- _INPUT_:
________________________________________

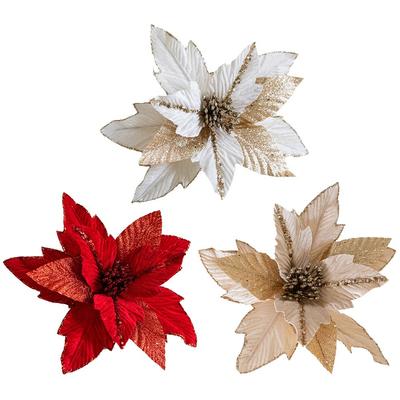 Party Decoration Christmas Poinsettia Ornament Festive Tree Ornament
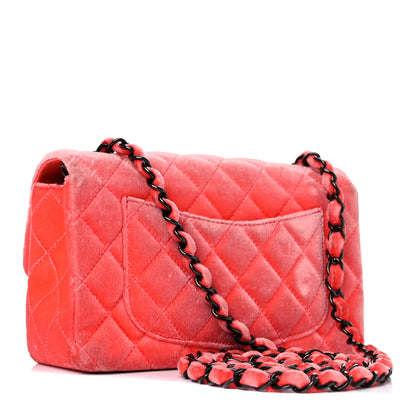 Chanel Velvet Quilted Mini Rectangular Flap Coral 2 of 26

________________________________________

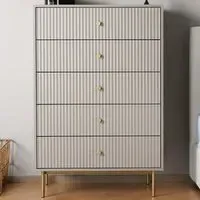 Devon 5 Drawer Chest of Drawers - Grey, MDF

________________________________________

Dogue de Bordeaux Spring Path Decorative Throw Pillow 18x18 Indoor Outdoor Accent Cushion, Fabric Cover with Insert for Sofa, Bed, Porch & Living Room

________________________________________

- _YOUR ASSIGNMENT_: Your copy should hold the lines from the one with "Party Decoration Christmas" up to and including the one with "Chanel Velvet Quilted", exactly as in the data above, and no pictures.

- _ANSWER TO THE EXERCISE_:
 Party Decoration Christmas Poinsettia Ornament Festive Tree Ornament
 Chanel Velvet Quilted Mini Rectangular Flap Coral 2 of 26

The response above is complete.